One of the best compliments I received was that my book was educational while entertaining. It has a lot of information about therapy, gun ownership and the criminal defense system, but wrapped into a suspenseful thriller. For example, one message I wanted to get across was the fact that choosing the right criminal defense attorney can make a huge difference to the outcome of a criminal court case. A defendant is only ever as good as the arguments that their defense can put forward and therefore, it is important to remember that, if ever you are charged with a crime, then hiring the best attorney that you can find is essential. Consequently, when writing this story, I spent a lot of time looking through criminal law resources on websites similar to this one from a team of bucks county criminal attorneys. I have always been fascinated by the legal repercussions of crime and that is something that I hope my readers take away from my book. That said, I wrote it to be a fun beach read…and maybe a movie! And if you know Atlanta, you’ll enjoy reading about all the familiar places.
Q: What interesting topics does your book shed light on?
Recovering from an attack, EMDR therapy for Post-Traumatic Stress Disorder, gun ownership, criminal defense system, and race.
Q: Do you have another project in the works? If so, what is it?

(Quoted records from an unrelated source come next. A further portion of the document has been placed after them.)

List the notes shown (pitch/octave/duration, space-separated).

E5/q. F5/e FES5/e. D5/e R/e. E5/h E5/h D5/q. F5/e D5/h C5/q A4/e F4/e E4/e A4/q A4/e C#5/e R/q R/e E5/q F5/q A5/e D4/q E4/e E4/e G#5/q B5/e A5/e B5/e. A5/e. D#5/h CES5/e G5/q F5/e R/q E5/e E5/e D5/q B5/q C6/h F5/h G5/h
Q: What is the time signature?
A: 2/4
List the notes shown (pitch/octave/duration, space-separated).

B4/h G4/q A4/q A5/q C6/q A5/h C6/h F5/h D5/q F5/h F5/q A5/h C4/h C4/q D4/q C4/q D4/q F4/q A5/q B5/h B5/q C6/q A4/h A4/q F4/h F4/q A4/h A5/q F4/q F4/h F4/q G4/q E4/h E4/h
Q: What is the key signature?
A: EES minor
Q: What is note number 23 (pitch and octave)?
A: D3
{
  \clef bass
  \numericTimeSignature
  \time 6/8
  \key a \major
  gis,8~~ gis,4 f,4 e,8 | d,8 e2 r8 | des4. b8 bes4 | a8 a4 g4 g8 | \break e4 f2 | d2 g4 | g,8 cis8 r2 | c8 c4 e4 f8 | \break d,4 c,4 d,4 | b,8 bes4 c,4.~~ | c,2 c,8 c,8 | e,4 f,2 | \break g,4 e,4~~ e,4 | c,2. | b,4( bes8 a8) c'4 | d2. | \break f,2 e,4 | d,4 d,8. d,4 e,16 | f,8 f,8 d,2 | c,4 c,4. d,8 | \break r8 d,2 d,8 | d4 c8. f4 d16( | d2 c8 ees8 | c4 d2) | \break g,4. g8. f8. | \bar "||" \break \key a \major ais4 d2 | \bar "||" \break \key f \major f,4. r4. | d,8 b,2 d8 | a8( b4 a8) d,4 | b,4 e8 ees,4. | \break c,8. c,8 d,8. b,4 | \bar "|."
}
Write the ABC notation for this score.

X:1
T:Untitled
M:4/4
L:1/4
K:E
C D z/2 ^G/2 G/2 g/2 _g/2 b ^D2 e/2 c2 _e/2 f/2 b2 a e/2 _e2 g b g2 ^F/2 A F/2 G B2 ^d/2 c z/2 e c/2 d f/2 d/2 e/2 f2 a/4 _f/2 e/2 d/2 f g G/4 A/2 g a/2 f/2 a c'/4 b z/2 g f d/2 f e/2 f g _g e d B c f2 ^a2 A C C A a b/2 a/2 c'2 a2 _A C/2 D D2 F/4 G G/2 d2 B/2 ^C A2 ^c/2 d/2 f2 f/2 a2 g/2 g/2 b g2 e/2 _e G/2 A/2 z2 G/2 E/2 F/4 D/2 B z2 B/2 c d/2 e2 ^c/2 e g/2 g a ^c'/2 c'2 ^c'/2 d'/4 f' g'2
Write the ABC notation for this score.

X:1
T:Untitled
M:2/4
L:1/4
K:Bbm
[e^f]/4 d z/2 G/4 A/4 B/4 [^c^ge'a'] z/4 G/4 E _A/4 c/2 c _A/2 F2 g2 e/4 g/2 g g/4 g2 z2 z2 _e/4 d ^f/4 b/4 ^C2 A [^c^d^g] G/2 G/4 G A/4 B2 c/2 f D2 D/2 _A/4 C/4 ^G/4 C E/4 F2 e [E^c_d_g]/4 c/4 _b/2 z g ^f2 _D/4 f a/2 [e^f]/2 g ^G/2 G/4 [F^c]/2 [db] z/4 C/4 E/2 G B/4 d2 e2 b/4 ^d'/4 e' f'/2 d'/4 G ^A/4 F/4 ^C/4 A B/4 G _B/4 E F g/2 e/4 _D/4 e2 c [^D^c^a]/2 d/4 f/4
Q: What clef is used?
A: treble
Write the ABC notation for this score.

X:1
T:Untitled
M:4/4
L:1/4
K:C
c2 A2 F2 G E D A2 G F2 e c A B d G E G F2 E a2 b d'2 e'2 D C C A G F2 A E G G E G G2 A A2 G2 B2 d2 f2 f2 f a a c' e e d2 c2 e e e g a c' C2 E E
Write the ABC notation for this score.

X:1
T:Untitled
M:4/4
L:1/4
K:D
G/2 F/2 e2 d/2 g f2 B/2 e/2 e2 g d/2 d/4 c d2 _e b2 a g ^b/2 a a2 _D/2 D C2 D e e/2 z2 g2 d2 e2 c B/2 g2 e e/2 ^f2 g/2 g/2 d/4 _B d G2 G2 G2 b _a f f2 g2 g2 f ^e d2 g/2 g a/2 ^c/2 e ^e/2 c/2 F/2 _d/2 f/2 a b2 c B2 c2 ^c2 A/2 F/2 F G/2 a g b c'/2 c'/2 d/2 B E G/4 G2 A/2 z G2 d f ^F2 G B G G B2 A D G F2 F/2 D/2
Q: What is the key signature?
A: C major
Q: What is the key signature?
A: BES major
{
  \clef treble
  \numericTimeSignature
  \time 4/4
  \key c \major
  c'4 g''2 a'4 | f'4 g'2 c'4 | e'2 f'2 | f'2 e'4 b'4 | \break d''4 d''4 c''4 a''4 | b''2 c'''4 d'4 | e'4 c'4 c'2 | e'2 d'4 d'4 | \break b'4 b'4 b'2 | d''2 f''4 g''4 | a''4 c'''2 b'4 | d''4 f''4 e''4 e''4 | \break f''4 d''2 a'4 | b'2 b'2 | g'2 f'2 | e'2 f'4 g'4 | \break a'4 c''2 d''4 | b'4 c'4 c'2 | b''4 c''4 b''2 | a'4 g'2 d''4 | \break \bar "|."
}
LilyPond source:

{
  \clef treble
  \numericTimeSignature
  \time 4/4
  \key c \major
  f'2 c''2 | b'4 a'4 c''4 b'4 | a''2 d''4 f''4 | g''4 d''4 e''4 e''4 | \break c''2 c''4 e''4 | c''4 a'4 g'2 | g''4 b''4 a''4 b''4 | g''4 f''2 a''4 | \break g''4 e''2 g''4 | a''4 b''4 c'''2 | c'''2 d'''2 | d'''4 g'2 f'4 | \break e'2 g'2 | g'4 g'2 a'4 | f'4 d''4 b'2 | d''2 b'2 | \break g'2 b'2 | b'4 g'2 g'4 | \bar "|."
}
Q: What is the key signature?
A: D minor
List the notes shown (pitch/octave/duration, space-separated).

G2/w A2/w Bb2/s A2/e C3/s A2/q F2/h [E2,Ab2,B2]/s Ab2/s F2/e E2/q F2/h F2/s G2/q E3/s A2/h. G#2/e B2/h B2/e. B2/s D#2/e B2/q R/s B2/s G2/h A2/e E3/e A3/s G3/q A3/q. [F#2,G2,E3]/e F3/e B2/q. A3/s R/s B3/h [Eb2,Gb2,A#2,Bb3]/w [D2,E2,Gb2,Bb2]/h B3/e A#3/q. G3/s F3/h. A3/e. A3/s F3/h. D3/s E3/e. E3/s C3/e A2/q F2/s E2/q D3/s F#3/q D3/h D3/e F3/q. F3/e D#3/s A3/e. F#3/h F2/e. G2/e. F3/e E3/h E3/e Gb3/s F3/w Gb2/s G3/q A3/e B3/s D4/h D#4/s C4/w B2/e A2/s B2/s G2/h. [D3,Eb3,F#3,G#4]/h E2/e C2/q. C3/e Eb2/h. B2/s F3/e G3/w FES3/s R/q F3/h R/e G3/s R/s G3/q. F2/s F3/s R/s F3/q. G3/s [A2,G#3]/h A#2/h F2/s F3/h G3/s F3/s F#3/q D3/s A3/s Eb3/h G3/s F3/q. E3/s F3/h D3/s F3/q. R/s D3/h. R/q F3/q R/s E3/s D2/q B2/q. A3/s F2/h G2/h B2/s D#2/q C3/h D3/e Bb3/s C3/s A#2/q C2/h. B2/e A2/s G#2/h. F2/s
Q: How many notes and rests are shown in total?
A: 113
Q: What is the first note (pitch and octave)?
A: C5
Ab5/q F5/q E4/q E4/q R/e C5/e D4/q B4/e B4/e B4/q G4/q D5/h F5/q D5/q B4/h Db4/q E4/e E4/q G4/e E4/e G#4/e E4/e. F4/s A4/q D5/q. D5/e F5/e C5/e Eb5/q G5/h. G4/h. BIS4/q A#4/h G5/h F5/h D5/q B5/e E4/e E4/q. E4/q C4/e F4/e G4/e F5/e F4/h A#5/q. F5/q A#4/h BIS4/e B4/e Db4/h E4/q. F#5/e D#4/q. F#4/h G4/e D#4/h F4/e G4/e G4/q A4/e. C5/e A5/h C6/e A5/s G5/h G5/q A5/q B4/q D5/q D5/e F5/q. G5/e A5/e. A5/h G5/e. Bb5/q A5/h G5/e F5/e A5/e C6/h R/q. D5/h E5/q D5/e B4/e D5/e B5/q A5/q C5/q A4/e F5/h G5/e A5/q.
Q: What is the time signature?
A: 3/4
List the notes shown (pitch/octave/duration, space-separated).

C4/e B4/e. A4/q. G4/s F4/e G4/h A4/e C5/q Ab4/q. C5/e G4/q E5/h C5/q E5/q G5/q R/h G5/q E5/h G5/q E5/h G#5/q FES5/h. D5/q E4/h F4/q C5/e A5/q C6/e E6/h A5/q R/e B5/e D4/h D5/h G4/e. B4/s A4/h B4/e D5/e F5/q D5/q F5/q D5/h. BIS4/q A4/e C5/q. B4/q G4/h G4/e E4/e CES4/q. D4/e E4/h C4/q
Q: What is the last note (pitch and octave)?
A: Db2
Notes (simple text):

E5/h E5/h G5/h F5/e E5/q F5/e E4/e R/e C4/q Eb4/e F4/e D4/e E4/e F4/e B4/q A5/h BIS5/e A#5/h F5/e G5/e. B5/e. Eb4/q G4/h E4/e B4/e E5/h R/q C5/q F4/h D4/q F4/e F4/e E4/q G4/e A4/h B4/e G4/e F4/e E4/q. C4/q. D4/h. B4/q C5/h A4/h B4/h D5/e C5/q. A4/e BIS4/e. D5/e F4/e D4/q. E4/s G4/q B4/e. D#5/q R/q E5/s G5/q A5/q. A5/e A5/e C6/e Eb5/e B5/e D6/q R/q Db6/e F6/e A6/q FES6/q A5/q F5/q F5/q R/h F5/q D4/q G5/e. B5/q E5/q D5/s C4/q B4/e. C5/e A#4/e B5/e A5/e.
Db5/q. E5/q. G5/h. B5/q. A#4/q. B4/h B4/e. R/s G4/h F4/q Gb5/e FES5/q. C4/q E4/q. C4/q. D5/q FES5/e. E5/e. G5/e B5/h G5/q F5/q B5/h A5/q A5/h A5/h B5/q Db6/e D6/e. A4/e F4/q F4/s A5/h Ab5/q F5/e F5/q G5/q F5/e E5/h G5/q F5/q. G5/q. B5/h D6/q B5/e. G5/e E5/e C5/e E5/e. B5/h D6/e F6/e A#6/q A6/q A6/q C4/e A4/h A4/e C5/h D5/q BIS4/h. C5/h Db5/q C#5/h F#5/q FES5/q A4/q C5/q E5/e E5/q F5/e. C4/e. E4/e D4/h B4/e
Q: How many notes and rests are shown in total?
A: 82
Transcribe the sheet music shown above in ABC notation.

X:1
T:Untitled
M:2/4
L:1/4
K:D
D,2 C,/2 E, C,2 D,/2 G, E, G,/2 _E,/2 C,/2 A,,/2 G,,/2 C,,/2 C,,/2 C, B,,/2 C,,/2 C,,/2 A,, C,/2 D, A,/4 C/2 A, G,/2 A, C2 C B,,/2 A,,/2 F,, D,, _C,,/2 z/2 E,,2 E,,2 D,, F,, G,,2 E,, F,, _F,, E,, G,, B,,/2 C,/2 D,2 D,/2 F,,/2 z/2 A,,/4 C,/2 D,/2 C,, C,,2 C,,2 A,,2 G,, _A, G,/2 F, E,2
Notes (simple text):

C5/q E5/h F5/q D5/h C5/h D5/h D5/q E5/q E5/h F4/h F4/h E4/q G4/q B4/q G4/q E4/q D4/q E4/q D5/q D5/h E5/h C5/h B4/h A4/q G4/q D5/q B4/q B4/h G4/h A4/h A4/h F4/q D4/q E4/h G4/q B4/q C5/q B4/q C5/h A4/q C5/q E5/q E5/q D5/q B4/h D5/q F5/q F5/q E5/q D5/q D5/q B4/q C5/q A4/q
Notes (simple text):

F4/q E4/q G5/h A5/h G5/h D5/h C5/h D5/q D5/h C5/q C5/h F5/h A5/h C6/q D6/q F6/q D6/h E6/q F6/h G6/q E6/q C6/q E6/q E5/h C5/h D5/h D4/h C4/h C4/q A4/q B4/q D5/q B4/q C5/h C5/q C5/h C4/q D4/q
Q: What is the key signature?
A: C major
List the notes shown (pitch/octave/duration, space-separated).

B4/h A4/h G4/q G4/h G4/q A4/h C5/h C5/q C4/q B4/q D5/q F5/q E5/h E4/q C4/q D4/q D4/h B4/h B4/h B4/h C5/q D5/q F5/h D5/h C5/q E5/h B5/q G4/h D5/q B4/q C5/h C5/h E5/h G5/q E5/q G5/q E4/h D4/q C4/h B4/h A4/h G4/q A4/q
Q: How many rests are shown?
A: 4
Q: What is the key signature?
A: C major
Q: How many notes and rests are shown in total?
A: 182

To my surprise and delight, many of my readers want to know more about what happens next for Laura. I have a few ideas on a new case.
About The Book
A thriller that portrays the emotional realities of healing from a vicious, physical attack and the obsession of one woman to force the legal system to acknowledge her right to self-defense Loosely based on the personal experience of author Liz Lazarus, Free of Malice is a page-turner full of drama and suspense with unexpected twists. Set in Atlanta, main character Laura Holland, a rising journalist, endures a night of terror when she is attacked in her home in the middle of the night. “I remember seeing the diamond of my engagement ring sparkle in the dim night as he thrashed his head. This was the only time I caught a glimpse of his dark face, with my fingers in his mouth. He did not seem human, but like a rabid beast attacking me in the night.” Although she fights off the would-be rapist, his parting words are a threat to return. At the urging of her husband, Laura undergoes therapy to recover from the trauma, learning about a relatively new technique called EMDR (Eye Movement Desensitization and Reprocessing) used for PTSD patients. But just when the reader feels a sense of where this book is headed-the story of a woman healing-the plot veers in a new direction. Though Laura did not own a gun at the time, she wishes she could have shot her attacker as he fled. When she learns that her actions might not have been deemed self-defense, her journalistic instincts are kindled. Laura decides to write a hypothetical legal case, which plays out the events of that night had she shot and killed her assailant. She enlists the help of a young, black attorney, Thomas Bennett. Though Thomas proves to be clever in the rules of the criminal justice system, his striking resemblance to her attacker does not go unnoticed. As the two work together to develop the case, Laura’s discomfort escalates, particularly when Thomas seems to know more about that night than he should. Could he possibly be her assailant or is Laura being hyper-vigilant? Reality and fiction soon merge as her real life drama begins to mirror the fiction she’s trying to create.